Start of Block
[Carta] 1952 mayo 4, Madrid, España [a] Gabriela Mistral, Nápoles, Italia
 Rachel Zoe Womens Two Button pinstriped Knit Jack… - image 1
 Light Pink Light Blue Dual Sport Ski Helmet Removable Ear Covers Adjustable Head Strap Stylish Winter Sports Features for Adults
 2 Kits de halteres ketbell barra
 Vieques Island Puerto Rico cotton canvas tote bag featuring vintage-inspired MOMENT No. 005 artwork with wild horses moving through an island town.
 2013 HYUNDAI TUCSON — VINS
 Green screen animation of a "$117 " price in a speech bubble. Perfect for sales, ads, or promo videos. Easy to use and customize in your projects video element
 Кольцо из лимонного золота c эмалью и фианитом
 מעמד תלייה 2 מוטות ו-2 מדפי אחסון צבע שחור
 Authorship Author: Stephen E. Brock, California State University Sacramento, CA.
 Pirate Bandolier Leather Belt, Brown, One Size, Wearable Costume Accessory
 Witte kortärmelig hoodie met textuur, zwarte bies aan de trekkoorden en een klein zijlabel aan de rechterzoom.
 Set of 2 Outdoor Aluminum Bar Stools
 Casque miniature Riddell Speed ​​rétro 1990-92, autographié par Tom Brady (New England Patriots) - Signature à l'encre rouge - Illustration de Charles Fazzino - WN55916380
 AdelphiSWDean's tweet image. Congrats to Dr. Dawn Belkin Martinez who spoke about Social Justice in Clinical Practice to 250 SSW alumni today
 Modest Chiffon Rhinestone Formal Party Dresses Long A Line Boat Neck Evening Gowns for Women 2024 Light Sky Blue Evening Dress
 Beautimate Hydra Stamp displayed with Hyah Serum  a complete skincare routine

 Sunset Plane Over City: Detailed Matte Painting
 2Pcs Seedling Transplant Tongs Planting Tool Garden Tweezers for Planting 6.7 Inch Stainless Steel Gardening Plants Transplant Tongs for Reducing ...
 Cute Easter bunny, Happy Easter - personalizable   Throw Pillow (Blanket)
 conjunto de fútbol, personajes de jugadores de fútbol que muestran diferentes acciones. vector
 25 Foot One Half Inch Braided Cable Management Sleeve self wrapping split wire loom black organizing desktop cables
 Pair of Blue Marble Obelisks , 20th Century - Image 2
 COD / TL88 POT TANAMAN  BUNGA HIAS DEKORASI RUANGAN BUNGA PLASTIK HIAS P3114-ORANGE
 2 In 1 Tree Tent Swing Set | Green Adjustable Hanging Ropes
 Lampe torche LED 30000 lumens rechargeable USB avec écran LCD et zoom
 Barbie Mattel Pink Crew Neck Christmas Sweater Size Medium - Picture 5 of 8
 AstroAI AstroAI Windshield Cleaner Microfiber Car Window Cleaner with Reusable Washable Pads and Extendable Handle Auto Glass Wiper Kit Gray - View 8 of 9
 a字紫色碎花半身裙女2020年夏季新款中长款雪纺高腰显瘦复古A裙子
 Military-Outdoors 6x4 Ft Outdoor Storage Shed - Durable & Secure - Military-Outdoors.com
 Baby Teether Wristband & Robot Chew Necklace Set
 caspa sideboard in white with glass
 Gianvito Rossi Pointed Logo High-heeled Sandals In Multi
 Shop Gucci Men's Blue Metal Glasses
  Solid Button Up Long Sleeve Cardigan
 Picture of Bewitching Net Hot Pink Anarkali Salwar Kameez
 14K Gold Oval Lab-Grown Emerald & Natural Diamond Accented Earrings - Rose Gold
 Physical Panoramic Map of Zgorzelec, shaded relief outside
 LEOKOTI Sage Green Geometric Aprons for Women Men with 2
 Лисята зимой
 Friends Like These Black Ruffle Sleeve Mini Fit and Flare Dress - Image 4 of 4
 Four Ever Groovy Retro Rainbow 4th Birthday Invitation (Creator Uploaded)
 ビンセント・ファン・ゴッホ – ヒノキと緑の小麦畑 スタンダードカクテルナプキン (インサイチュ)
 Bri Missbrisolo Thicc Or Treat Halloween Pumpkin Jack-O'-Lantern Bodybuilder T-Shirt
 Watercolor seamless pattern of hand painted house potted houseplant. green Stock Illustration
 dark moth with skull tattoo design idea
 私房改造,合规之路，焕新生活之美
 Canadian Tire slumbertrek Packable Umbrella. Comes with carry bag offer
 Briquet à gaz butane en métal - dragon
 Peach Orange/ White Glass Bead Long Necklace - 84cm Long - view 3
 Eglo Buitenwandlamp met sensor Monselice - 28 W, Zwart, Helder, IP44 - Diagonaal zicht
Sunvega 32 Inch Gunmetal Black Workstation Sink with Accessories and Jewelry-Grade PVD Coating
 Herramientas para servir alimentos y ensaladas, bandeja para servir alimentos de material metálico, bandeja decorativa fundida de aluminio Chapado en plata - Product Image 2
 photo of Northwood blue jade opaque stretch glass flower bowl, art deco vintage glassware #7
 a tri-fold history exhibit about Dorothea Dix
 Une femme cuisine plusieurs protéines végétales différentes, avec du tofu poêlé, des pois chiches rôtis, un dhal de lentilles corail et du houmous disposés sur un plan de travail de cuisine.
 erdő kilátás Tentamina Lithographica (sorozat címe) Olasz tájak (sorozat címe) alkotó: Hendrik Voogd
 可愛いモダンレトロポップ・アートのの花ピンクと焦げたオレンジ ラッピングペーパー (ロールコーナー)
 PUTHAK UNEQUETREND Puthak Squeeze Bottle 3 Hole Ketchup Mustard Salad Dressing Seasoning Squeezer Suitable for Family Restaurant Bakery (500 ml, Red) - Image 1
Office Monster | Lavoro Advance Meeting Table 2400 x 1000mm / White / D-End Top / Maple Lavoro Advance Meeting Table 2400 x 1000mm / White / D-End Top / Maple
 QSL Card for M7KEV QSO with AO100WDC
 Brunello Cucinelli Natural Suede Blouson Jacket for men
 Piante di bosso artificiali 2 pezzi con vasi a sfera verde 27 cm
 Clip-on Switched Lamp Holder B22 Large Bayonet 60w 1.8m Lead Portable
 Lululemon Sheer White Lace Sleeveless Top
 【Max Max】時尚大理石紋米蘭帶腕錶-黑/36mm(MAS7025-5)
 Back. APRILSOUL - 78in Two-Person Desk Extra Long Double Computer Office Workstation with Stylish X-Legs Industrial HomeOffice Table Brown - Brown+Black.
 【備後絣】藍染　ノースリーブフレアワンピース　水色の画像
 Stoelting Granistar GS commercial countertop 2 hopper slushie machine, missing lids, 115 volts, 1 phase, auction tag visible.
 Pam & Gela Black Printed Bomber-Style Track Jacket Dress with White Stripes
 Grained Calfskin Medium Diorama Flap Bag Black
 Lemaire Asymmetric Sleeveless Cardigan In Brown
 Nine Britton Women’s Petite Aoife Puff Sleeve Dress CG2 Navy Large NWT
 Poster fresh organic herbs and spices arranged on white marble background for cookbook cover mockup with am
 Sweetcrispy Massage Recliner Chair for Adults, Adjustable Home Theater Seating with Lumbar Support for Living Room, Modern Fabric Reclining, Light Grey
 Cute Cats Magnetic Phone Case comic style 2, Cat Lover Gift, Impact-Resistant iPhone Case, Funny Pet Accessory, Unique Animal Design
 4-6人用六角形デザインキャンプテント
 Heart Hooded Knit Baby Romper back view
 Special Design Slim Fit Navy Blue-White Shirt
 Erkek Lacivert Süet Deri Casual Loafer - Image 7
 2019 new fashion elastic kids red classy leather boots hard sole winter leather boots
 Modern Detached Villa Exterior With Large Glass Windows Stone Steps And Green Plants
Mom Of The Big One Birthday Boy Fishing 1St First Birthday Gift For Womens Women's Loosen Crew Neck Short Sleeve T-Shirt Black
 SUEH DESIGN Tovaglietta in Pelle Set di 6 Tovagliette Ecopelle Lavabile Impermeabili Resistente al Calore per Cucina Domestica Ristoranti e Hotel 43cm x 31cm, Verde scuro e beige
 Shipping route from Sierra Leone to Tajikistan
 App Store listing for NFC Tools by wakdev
End of Block
## Exercise details
Would you please copy exactly the part of the entries above that begins at the line containing "私房改造,合规之路，焕新生活之美" and ends at the line containing "photo of Northwood", both lines included?

## Solution below
 私房改造,合规之路，焕新生活之美
 Canadian Tire slumbertrek Packable Umbrella. Comes with carry bag offer
 Briquet à gaz butane en métal - dragon
 Peach Orange/ White Glass Bead Long Necklace - 84cm Long - view 3
 Eglo Buitenwandlamp met sensor Monselice - 28 W, Zwart, Helder, IP44 - Diagonaal zicht
Sunvega 32 Inch Gunmetal Black Workstation Sink with Accessories and Jewelry-Grade PVD Coating
 Herramientas para servir alimentos y ensaladas, bandeja para servir alimentos de material metálico, bandeja decorativa fundida de aluminio Chapado en plata - Product Image 2
 photo of Northwood blue jade opaque stretch glass flower bowl, art deco vintage glassware #7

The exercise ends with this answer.